A president’s first budget proposal is more than a set of figures. It is also an outline of his philosophy of government. The plan Barack Obama delivered on February 26th envisages an ambitious and costly expansion of the government’s role in the lives of Americans. Its centrepiece is a big expansion of state-provided health care-for which he has budgeted $634 billion over the next decade while admitting that yet more will be needed. He will fill in the details in coming weeks (see article) while insisting the plan meets several criteria: it must extend insurance to the 15 percent of Americans who now lack it, it must help slow the growth in costs, and it must be paid for.
Add increased spending on education, energy and other initiatives, and federal expenditures, excluding defence, would rise to a new high of 18 percent of GDP in the coming decade. Small-government conservatives fume, yet this is what Mr. Obama victoriously campaigned on and, at least in the case of health care, what Americans seem to want. The ranks of the uninsured have grown as care becomes more expensive and more employers, through whom most workers get insurance, drop or curtail benefits. Losing a job often means losing health insurance too, making unemployment doubly traumatic.

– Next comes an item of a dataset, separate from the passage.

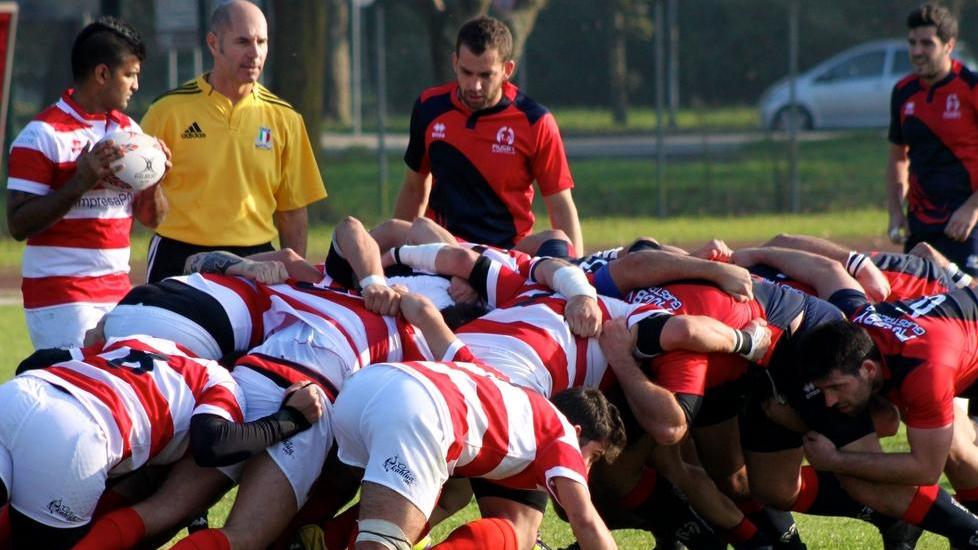 Rugby C2, il Guastalla travolge i Falchi Carpi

Although Mr. Obama’s revenue plans are not clad in the ambitious rhetoric of his spending initiatives, they are just as profound. To pay for his plans and get the deficit down to manageable levels, he would return top tax rates to where they were before George Bush cut them, extract more from the rich by capping their deductions, increase taxes on corporations and auction carbon-emission permits. At the same time, he promises permanent tax cuts for 95 percent of workers.
Sadly, these plans are deeply flawed. First, Mr. Obama’s budget forecasts that the economy will shrink 1.2 percent this year then grow by an average of 4 percent over the following four years. It might if the economy were to follow a conventional path back to full employment. But this is not a conventional recession. The unprecedented damage to household balance sheets could well result in anaemic economic growth for years, significantly undermining the president’s revenue projections. The economic outlook continues to darken and the stockmarket has already tumbled to 12-year lows. Mr. Obama may either have to renege on his promise to slash the deficit to 3 percent of GDP in 2013 from more than 12 percent now, rein in his spending promises or raise taxes more.
Second, Mr. Obama’s scattershot tax increases are a poor substitute for the wholesale reform America’s Byzantine tax code needs. Limiting high earners’ deductions for mortgage interest, local-government taxes and other things is certainly more efficient than raising their marginal tax rates even more. But it would be better to replace such deductions for everyone with targeted credits, abolish the alternative minimum tax (an absurd parallel tax system that ensnares a sizeable chunk of the upper middle class), and implement a broad sales tax. Rather than simply eliminating the sheltering of corporate income from abroad, Mr. Obama could have broadened the corporate tax base and lowered the rate. In sum, Mr. Obama could simultaneously raise more revenue and make the tax code simpler and more conducive to growth. But he hasn’t.
Tell It Like it Is
Finally, by asking only the richest 2 percent of Americans to pay more, Mr. Obama is building his vision of a more activist government on a shaky foundation. Mr. Bush’s tax cuts raised the proportion of American families that pay no federal income tax (or are net recipients of tax credits) from 33 percent to 38 percent; Mr. Obama’s will raise it to 44 percent, according to the Tax Policy Centre, a research group. Although many of these people do pay payroll taxes, Mr. Obama is also intent on reducing the link between payroll taxes and the pension and health-care benefits they were supposedly designed to pay for. It certainly makes sense to keep poor people off the income-tax rolls, but removing a sizeable chunk of the middle class weakens the political bond between taxpayer and government, and will lead to pressure for more such spending.
Mr. Obama’s team rightly points out that Mr. Bush’s tax cuts disproportionately benefited the wealthy at a time when their share of income was anyway rising for more fundamental reasons. But the recession is already undoing some of the rise in inequality as the capital gains, bonuses and Wall Street profits that fuelled much of the gains in top incomes turn to dust. This could further imperil Mr. Obama’s revenue projections, if the rich people he is relying on to pay virtually all his bills end up a lot less rich than they were. Much as Mr. Obama would like to shield the middle class, he needs to level with Americans: if they want a bigger government, one that will help them in all sorts of ways, they should be prepared to pay for it.